CU Boulder continues to invest in building rehabilitation work to address $1.17 billion maintenance backlog

The University of Colorado at Boulder is investing in on-campus rehabilitation projects in a bid to reduce its $1.17 billion in deferred maintenance — 91% of the four-campus system’s total backlog — as part of the university strategic plan.

“Campus commits $10 million to smaller projects to fix air conditioning systems, roofs – things like that – across campus, affecting many facilities, many smaller projects – trying to focus on this issue” said Brian Lindoerfer, Assistant Vice Chancellor for Facilities and Services Operations.

The University of Colorado board of trustees listened Thursday to employee-led presentations on the final step in the university’s strategic plan: financial strength.

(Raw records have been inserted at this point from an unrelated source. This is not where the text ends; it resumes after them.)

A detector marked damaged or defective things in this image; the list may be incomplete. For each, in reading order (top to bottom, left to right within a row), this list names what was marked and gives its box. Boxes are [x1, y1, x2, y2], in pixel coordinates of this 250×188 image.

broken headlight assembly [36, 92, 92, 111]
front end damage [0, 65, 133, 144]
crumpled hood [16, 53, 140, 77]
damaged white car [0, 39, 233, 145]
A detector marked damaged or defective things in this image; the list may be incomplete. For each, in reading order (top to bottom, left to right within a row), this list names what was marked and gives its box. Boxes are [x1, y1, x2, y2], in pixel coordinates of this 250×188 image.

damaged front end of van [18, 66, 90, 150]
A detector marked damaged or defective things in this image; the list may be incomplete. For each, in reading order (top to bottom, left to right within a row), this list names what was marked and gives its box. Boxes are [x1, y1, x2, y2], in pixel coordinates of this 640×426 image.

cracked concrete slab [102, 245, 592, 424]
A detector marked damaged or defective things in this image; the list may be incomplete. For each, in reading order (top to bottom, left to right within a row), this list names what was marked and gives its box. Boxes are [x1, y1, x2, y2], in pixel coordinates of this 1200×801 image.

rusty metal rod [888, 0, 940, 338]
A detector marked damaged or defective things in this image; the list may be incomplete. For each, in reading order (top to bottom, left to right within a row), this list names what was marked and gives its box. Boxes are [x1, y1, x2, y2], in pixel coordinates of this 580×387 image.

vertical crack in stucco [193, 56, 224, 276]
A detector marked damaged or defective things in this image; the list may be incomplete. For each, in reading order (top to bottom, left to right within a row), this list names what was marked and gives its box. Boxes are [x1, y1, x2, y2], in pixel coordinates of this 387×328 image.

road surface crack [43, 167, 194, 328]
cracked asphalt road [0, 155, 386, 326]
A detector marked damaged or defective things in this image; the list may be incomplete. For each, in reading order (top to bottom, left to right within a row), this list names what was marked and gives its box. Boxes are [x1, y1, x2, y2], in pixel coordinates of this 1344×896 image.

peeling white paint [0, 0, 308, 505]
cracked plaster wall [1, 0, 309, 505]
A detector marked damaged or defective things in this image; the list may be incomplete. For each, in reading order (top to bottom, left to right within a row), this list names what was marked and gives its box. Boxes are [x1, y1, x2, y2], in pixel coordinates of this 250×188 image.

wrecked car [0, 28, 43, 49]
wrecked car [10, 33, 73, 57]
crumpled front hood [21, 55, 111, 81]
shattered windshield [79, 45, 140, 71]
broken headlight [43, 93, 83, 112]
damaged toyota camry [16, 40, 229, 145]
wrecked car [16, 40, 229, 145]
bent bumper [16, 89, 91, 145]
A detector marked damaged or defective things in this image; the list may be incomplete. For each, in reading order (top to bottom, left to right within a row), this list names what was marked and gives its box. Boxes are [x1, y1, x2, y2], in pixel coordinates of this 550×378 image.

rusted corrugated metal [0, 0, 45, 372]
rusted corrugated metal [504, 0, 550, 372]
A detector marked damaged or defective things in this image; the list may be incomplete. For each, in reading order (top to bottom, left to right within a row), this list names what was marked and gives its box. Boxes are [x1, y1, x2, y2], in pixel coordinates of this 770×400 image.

Pat O’Rourke, chief operating officer of CU Boulder, said revenue generated by the campus from all funds excluding in-state undergraduate tuition and fees and the state funding, have plummeted during the pandemic. In order to get back on track, the campus focused on student retention through its Buff Undergraduate Success Leadership Implementation Team program and partnered with the Verto Education study abroad program.

“What we’re seeing for the first time is that we’re going to be over 90% retention,” he said. “This is a huge achievement that has happened on campus thanks to the hard work of many people over the past year.”

The campus has a lot of work to do to meet its building maintenance goals, also known as the Facility Condition Index, which measures the cost of correcting a building’s defects against the current replacement value of the building, O’Rourke said.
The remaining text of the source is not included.